The best means to keep home companies home is to attract home money early on, and that’s where The Columbia Star Business Page can help by reporting the local opportunities to the locals.
Another feature will be the “Investment for Dummies” column – a dictionary, actually – where terms of the trade are defined and illustrated with clear usage.
The difference between a preferred share of stock and a common share, for instance, will be explained along with the term “common equity,” something better known at SCANA. Targeted rates of return on common equity have controlled our electricity prices for the better part of a century. But few readers understand that.
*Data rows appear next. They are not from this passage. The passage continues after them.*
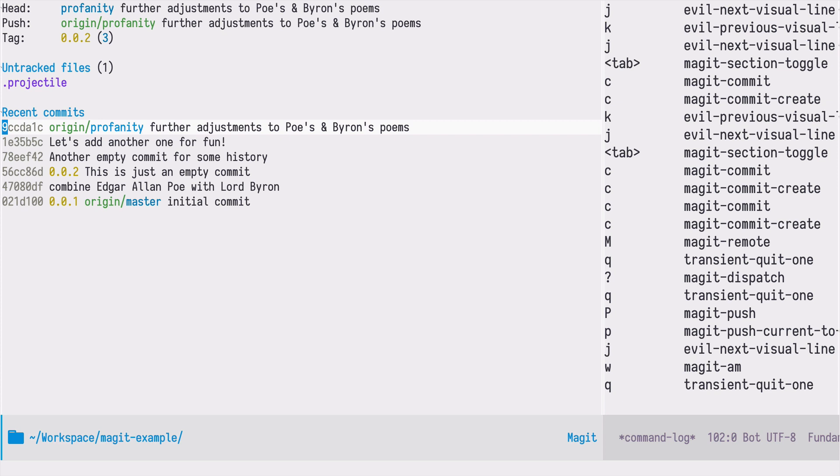Now we can use this branch to create a pull request, but we will see that in one of the next episodes. That's all for today. May the Emacs force be with you.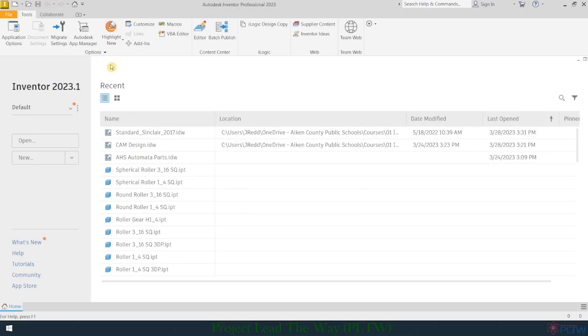When you open up Autodesk Inventor for the first time, you're going to see a screen that looks very similar to this. If you've used Inventor before and you've worked on several projects, you may see a list of files that you've recently opened here.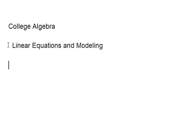Okay, in this section of College Algebra, we're going to be going over linear equations and modeling. For most people, that would be an application problem or a word problem. Alright, let's get started.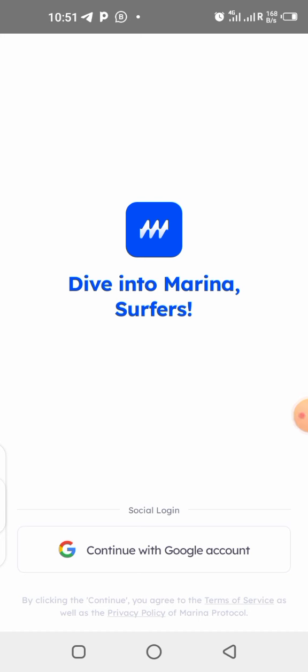To get started on this application, you need to use the link in the description of this video — go down there, click on it, and it's going to take you to where you can download the application. Once you download it, you will need to sign up with an account. You can click on 'Continue with Google' — it's better to use a Google account so it will log you in automatically. Click on it, choose your Google account, and log in.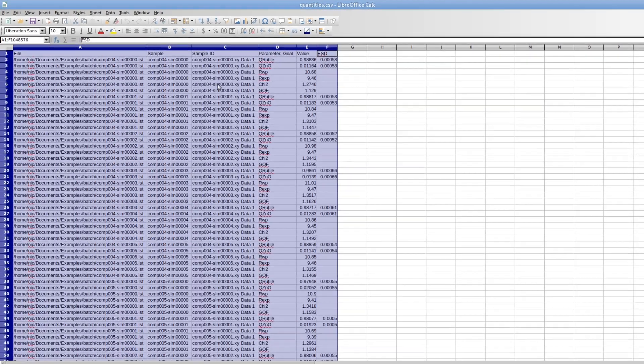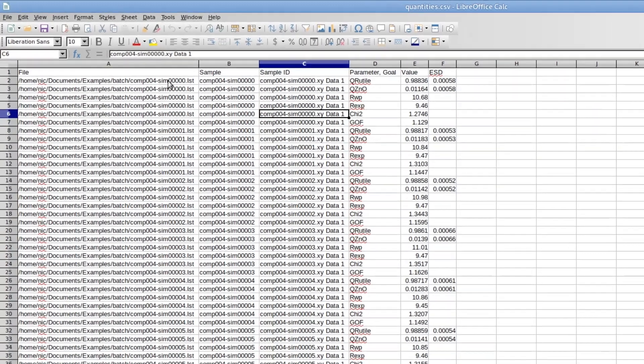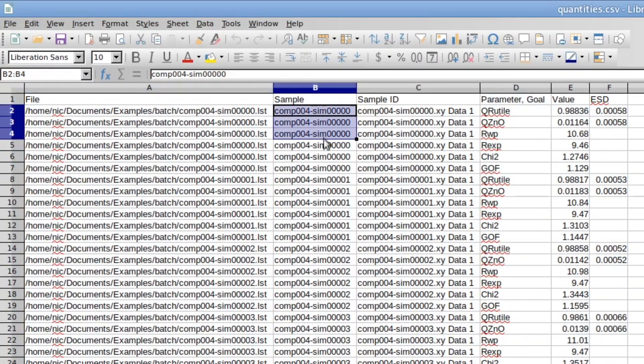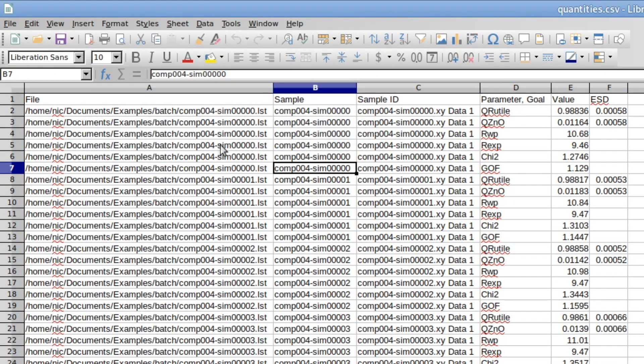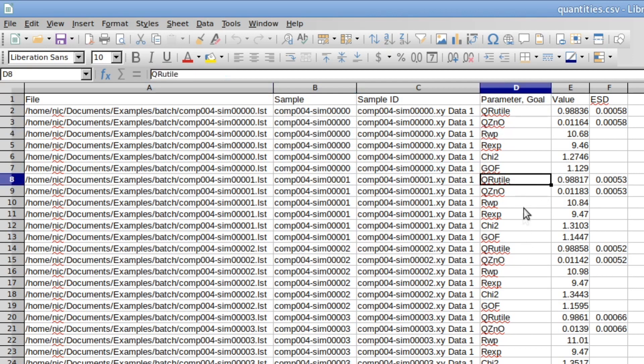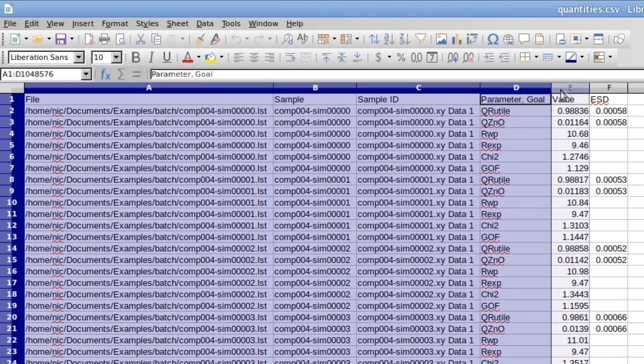And these are my global goals from all 24 refinements. So now it's sorted by sample, by data set. I have all the results, the rutile, the zincite, the quantities, the r values of the first data set and then the same results of the second data set and so on. But this is not very practical.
Next week The Columbia Star Business Page digs into hedge funds and private equity funds, the kinds of investment vehicles Harvard University used last year to hit a stellar 19.2% return on its endowment portfolio. Over the past 10 years Harvard claims an annualized average return of 16.1%. For the past twenty years, Yale claims 16%.
In 1999, Darla Moore identified $25 million in her and her husband’s Texas hedge fund, and she marked that $25 million for what is now her eponymous business school at USC. Now the $25 million is worth $37 million, still in Moore’s hedge fund, a gain of $12 million, about 50% over six years. Praised by the press and by Joel Smith, dean of the business school, that 50% gain for the past six years is really 7% compounded annually for six years, the same 7% as the average annual return on all stocks for the past hundred years.
But during those same six years, a little over $1 million a year reportedly has been counted by the school as usable income, maybe $7 million all told. To assume the school’s total take on the fund, the $7 million usable income should be added to the fund’s retained gain of $12 million, bringing the total gain to $19 million, which is an annualized return of about 10%.
Another part of hedge funds poorly reported is the fee structure for their managers and owners. Typically a hedge fund annually charges its investors 2% of the total, whether the fund does well or not. Starting with $25 million, say, a 2% fee comes to $500,000 the first year, and over several years it becomes a few million dollars in management fees.
There’s roughly $1 trillion in hedge funds worldwide, and 2% of that covers lots of overhead and plenty of bad decisions.
On top of the 2%, though, there is usually a 20% charge taken off the gains. If the $25 million fund reaches a reported $37 million, and there’s another $7 million in usable income, typically the total $44 million has already seen 20% of the gains taken out. In other words and in irresponsibly loose numbers, a realized gain of just under $24 million charged 20% leaves $19 million, the reported gain, while about $5 million was collected in profit–sharing fees. Add the six years of 2% management charges, more than $3 million, and the total fee to management and owners comes to more than $8 million.
Philanthropic funds, of course, probably don’t suffer similar charges. After all, a gift is a gift.